7. In Lakshminarasimha Somayagiyar v. Ramalingam Pillay : (1920)39MLJ319 the question arose as to whether under the Local Boards Act the Governor in Council has power to make rules ousting the jurisdiction of Civil Courts as to objections to the validity of elections. Sadasiva Ayyar, J., was inclined to the view that the Governor in Council had no power to make rules and that the rules framed by the Government were invalid. The learned Judge was of opinion that Section 16 was too vague and that, as the rules were not made under Section 16, but only under Section 144(1) which merely deals with the power to make rules as to the qualifications of the electors and of candidates for appointment by election and as to the method and time of election of elective presidents, vice-presidents and members of local boards, the power constituting a special tribunal to inquire into the validity of elections was not conferred by Section 144(1) under which the present rules purport to be framed. Spencer, J., was of opinion that the rules were valid and that Sections 16 and 144 gave the Government power to frame rules relating to the adjudication of disputes as regards the validity of elections. After referring to Sections 16 and 144, the learned Judge observes as follows:

But in any case I think that the words 'any other matters regarding the system of representation and of election' illustrate what is meant in Clause (1) by the words 'method of election' of members of Local Boards. I think these words are wide enough to cover the power of making rules to provide for the whole scheme of election and for the conduct of inquiries into complaints and objections to elections held or about to be held as well as to objections to the list of voters.

8. We agree with the view taken by Spencer, J.

9. The question as to the validity of the rules framed under the District Municipalities Act arose for determination in more than one case. The District Municipalities Act contains provisions analogous to those in the Local Boards Act with regard to the matter in question. Sub-clauses 1 to 6 of Section 250(1)(a) of the District Municipalities Act correspond to Sub-clauses (a) to (f) of Section 144(1-a) of the Local Boards Act and give power to the Government to make rules with reference to the matters specified in that section. Section 10 of the District Municipalities Act also contemplates the power of the Government to make rules. Rules were framed under the powers conferred by the District Municipalities Act. Rules 34 and 35 provide for cases of disputes as regards the validity of elections, and Rule 35(d) which is one of the grounds for setting aside an election, is that the person is likely to bring the Municipal administration into contempt or that his being a municipal Councillor is dangerous to the public peace or order. Rule 36 provides that in cases falling under Rule 35(d) orders should be passed by the Government and not by the Collector. In Secretary of State for India v. Appa Rao : (1923)45MLJ156 the question arose as to the power of Government to frame rules under the District Municipalities Act. Krishnan, J., was, of opinion that the fact that the Government purported to frame rules under one sub-clause which did not refer to the matter rather than another which did so refer would not make the rules ultra vires and observed as follows:

Before a rule framed by a rule-making authority is declared ultra vires, the Court must be satisfied not only that it had no power to act under the power under which it purported to act, but also that it had no power at all under any law to so act. If power can be found elsewhere from the section quoted, the rules will be referred to that power and held not to be ultra vires.
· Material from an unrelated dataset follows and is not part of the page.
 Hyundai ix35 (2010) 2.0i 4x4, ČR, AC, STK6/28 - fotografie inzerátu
10. The learned Judge referred to Rajam Chetii v. Seshayya (1895) I.L.R. 18 Mad. 236 (F.B.), Queen-Empress v. Ganga Ram (1894) I.L.R. 16 All. 136 (F.B.) and Halsbury, Vol. 27, page 146. In Secretary of State for India v. Venkatesalu Naidu I.L.R(1907) . Mad. 113 , the question arose as to the validity of the rules framed under Section 250(1) of the District Municipalities Act 4 of 1884 as amended by Act 3 of 1897. Rules were framed under Section 250 as regards the power of the Government to veto the election of a person if, before his election, he is convicted of an offence which, in the opinion of the Governor in Council, disqualifies him from being a councilor. The plaintiff who was the respondent in the appeal was elected as a Municipal Councilor but the Government set aside the election on the ground that he was guilty of such an offence as unfits him to be a Municipal Councilor. The District Judge found that some of the rules framed under the Act were ultra vires. Referring to the contention that Section 250(1)(a) does not provide for a rule of the nature of Rule 35(1)(b) framed under it, Miller, J., observed as follows:

I am not prepared to decide that that is so, for it is not clear to me that Section 250, Clause (1)(a)(i), (vi) or (vii) would not cover the case. But even if it be so, the rule may be attributed to the power given by Section 10 to prescribe conditions; and if the power is there, the rule is good though it purports to have been made under a different section.
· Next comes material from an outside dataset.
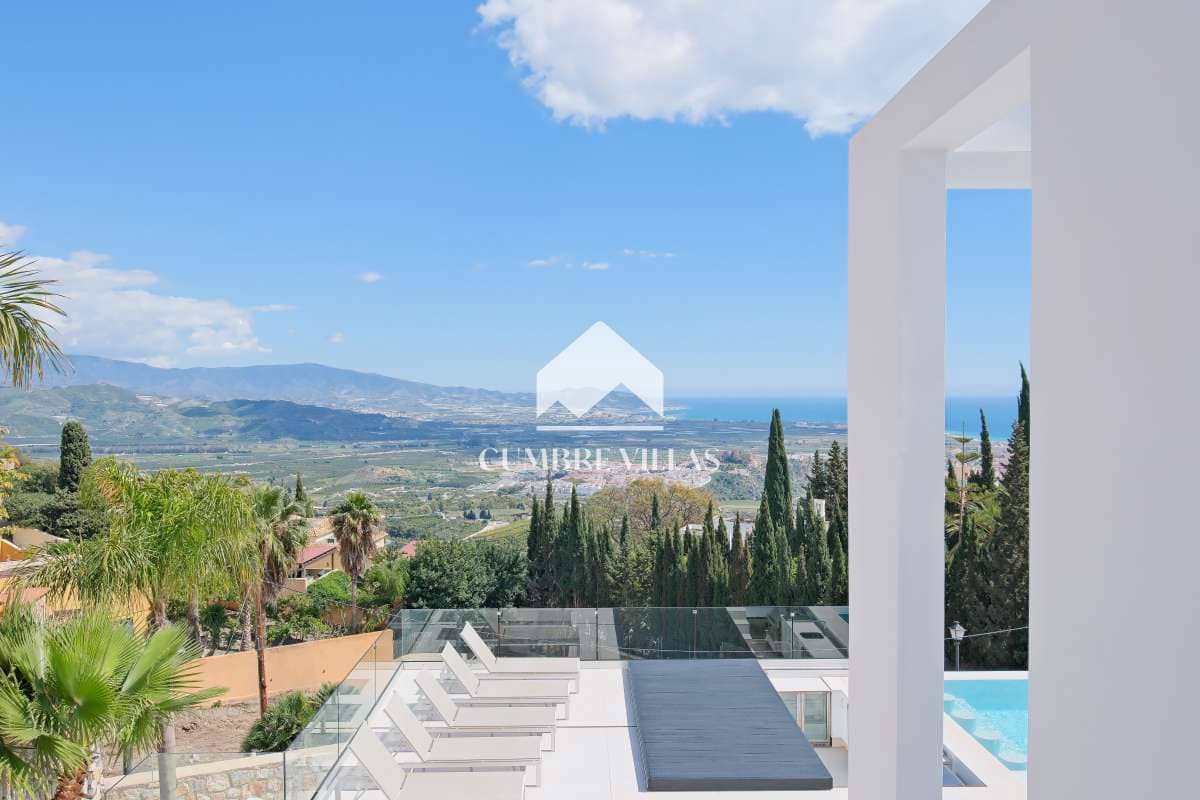 6 soveværelse Villa til salg i Salobrena med swimmingpool garage - € 1.495.000 (Ref: 9050503)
11. The learned Judge held that the rule was not ultra vires and illegal. Wallis, J., was also of the same opinion. We think that Sections 16 and 144 read together give power to the Government to make rules when an election is contested and also to frame rules declaring the qualifications required of a person before he is validly elected and that the rules framed by the Government are not ultra vires.

12. Turning to the next question that the appellant was not given an opportunity to be heard before the Government passed orders, it is clear from the rules we have already referred to, that no inquiry is contemplated. Rule 35 states that objections to the validity of an election on the ground specified in Rule 33(e), and objections on the ground of disqualification under Rule 9(d) and all cases which involve an interpretation of the rules shall be referred by the Collector for the decision of the Government which shall be final, and that in all other cases of objection under Rule 38 an inquiry shall be held by the Collector, etc. It is clear therefore that no inquiry is necessary. If the rule is valid, it seems to us that the Government has power to declare what shall be the nature and scope of the inquiry. Reference was made to the Secretary of State for India v. Venkatesalu Naidu I.L.R. (1907) Mad. 113 already referred to, where it was held that an inquiry was necessary before an election can be invalidated under Rules 35 and 36 framed under the District Municipalities Act. But Rule 35 requires an inquiry and the decision therefore cannot have any application to cases where no inquiry is required. We may point out that the Local Boards Act provides for inquiries whenever the Government thinks it necessary that the person affected ought to have notice, for example, Section 24, Clause (3) provides for the removal of a president, vice-president or member of a taluk board whose continuance in office is, in the opinion of the Government, dangerous to public peace or order or likely to bring the administration of the local board into contempt. But Clause (2) states that when action is proposed to be taken in that matter no order shall be passed without giving an opportunity of explanation to the president, vice-president or member concerned.

13. We are therefore of opinion that both the objections taken fail. It is not necessary to consider the further question whether an action for damages would lie against the Secretary of State for India assuming that the rules framed by the Government were ultra vires. In the result the second appeal fails and is dismissed with costs.